The salesperson gets too comfortable with “my contact.” This makes it really hard to pursue other contacts inside the account for fear of sending the wrong message to your contact. To say nothing of what happens when your contact leaves the company or the position.
Our contact with whom we have the great relationship may have too little real political muscle inside his or her company.
We depend too heavily on our relationship as our key differentiator in a buying decision.
Sales campaigns can be protracted as the salesperson works on “cultivating his relationship.”
Too often, the end result of such relationships is getting “last look.” In other words, the opportunity to drop our price to win the business.
Consider also how often salespeople leave Company A to join Company B, assuring Company B’s management that he or she will be bringing countless relationships along. Alas, it rarely plays out this way in the real world.
Real sales relationships are made of two things
If relationships aren’t just about rapport and friendship what are they about? Value and trust.
First, value. Customers form judgments about the value of the selling company and its solutions based on perceptions they form from their interactions with the selling company’s salespeople. If we come across as being too focused on building rapport we will unwittingly cause the customer to perceive our value – and that of our company – on the low end of the scale.

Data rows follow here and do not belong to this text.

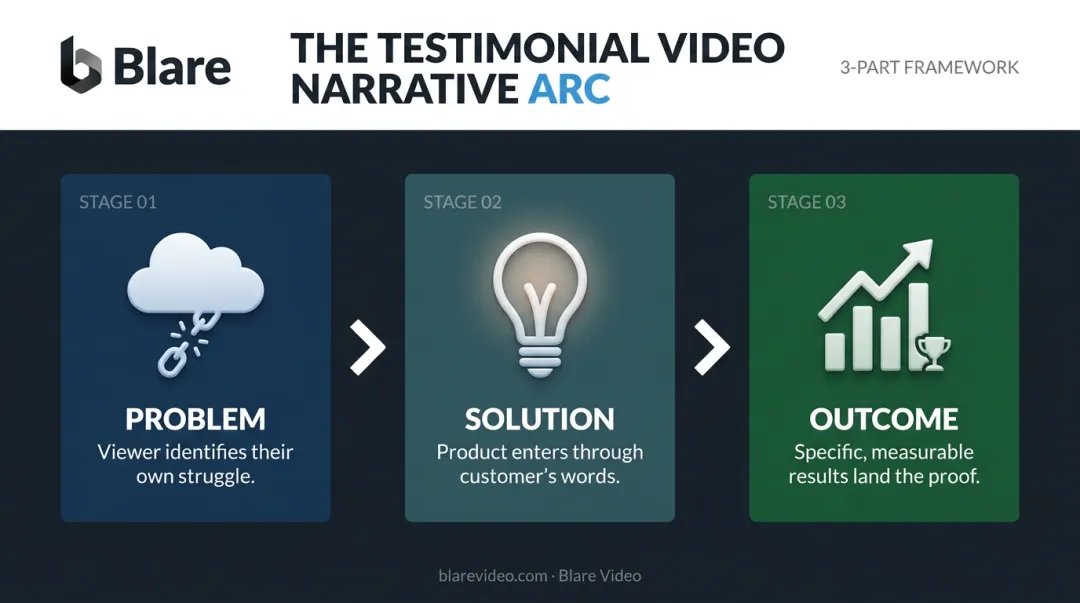 Three-part testimonial video narrative structure problem solution outcome arc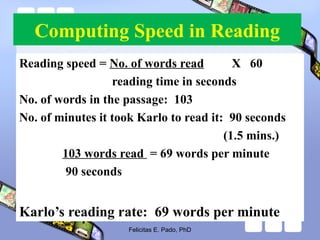 Computing Speed in Reading
Reading speed = No. of words read X 60
reading time in seconds
No. of words in the passage: 103
No. of minutes it took Karlo to read it: 90 seconds
(1.5 mins.)
103 words read = 69 words per minute
90 seconds
Karlo’s reading rate: 69 words per minute
Felicitas E. Pado, PhD
 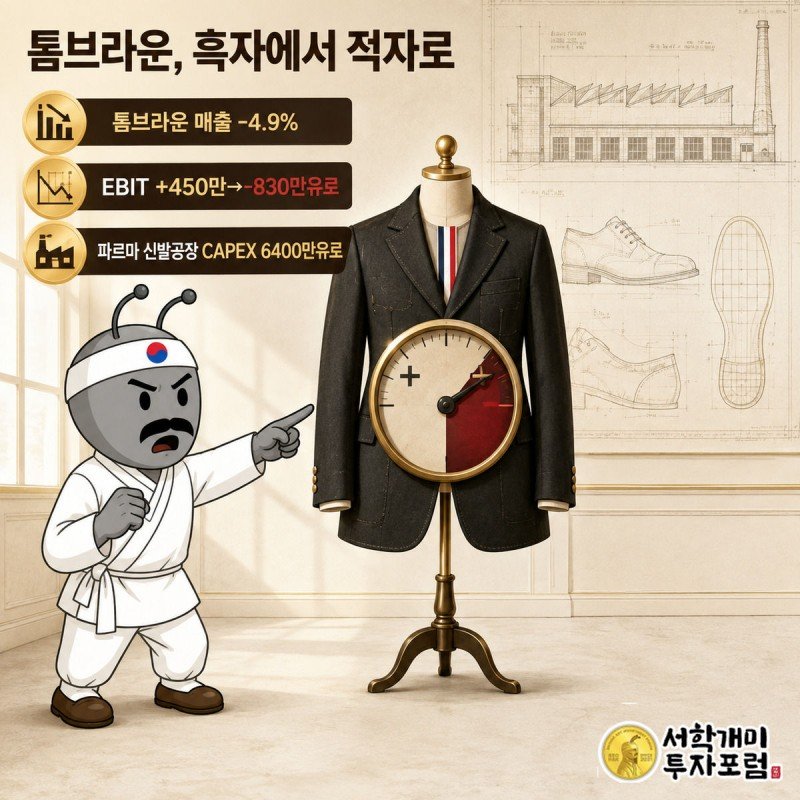 톰브라운 코트 위 계기판이 흑자에서 적자로 넘어간 것을 낭패한 표정으로 가리키는 부자개미, 뒤로 파르마 신발공장 설계도가 보인다
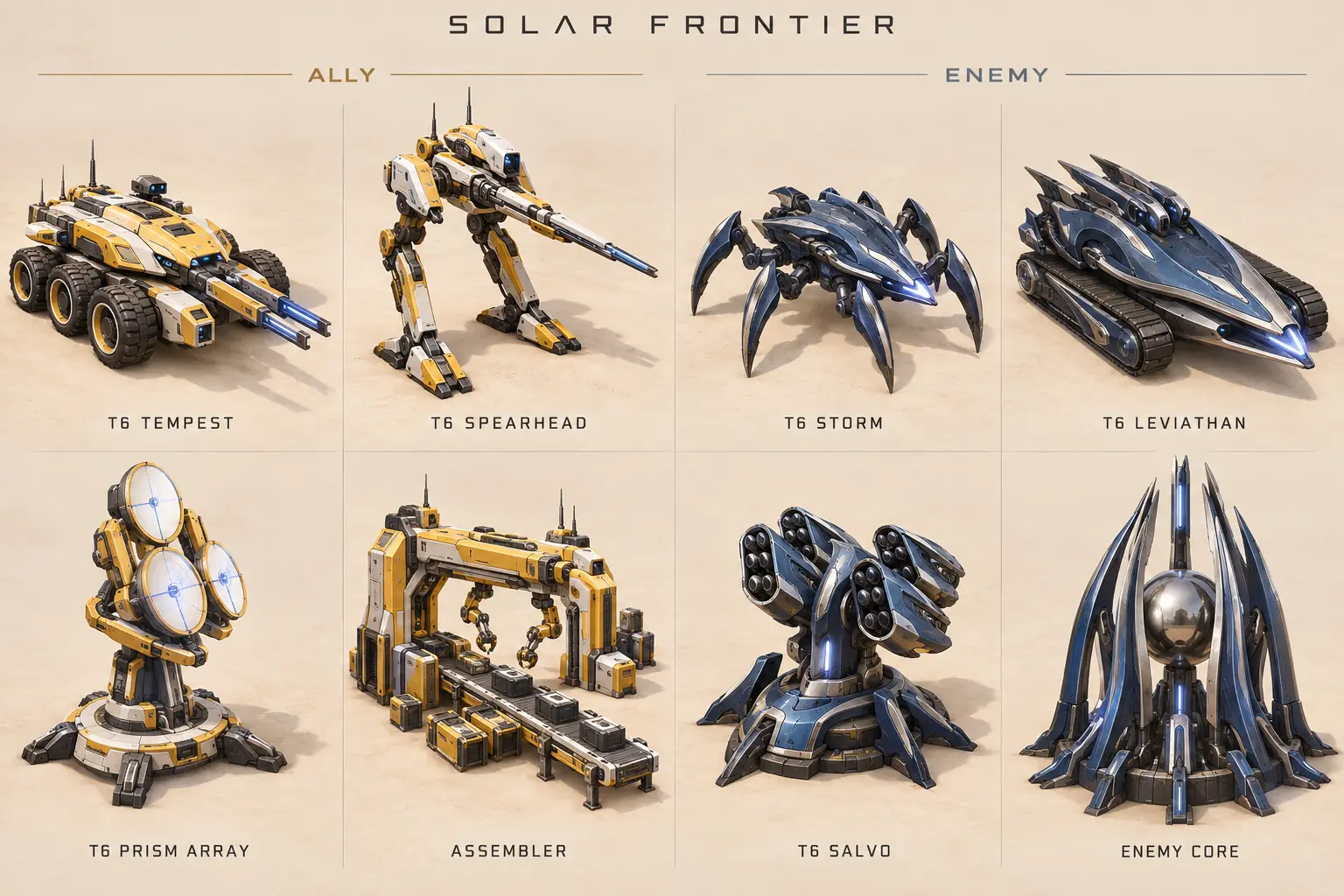 Yellow and white expedition machines face blue metallic aliens: four T6 units, two T6 turrets, an assembler and an enemy core.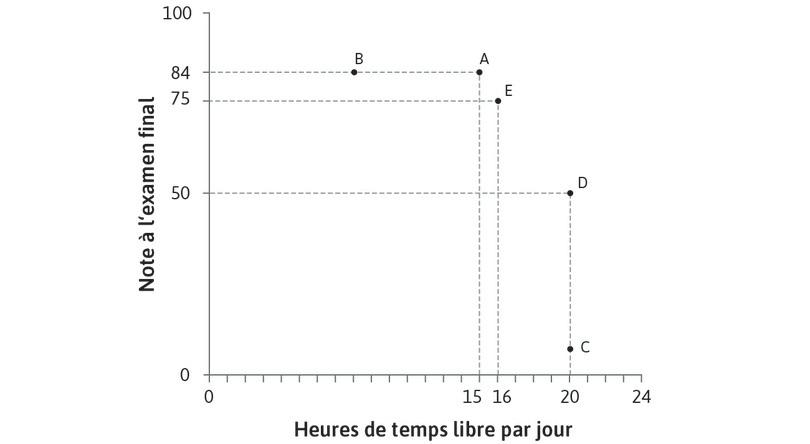 Indifférence
: … mais nous ne savons pas si Alexei préfère A ou E, aussi nous lui demandons : il dit qu’il est indifférent.
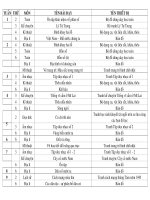 Kế hoạch sử dụng thiết bị 5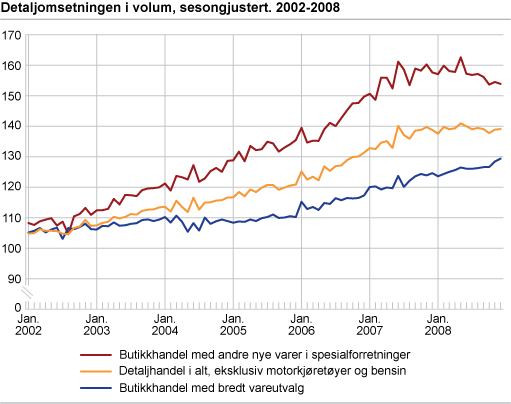 Detaljomsetningsindeksen i volum, sesongjustert 2002-2008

Second, trust. Many salespeople have cultivated high value relationships by consistently delivering over a long period of time. I know countless who have such relationships. And make no mistake about it, these relationships are valuable…in the quantitative sense of the term…dollars and cents. But remember, these relationships, by definition, take time.
How to build higher value sales relationships
Unfortunately, about the time I get to the point of offering up ways to retool your relationships I run out of space. Even more unfortunate, I often leave people with the misimpression that I place no value on a salesperson’s ability to build rapport with people.
I believe the subject of the real meaning of this thing called “relationships” is among the most important in the business of selling. It’s a subject that takes time to develop. As a starting point, though, I invite you all to step back and ask yourselves if you might need to work a bit more on causing the customer to value you instead of liking you.
Here are three tactical starting points to accomplishing that:
- Don’t thank customers for their time.
- Try replacing the word “needs” with “business” in your discussions.
- Avoid words that the customer might associate with “the transaction” (“decision” would be one such word).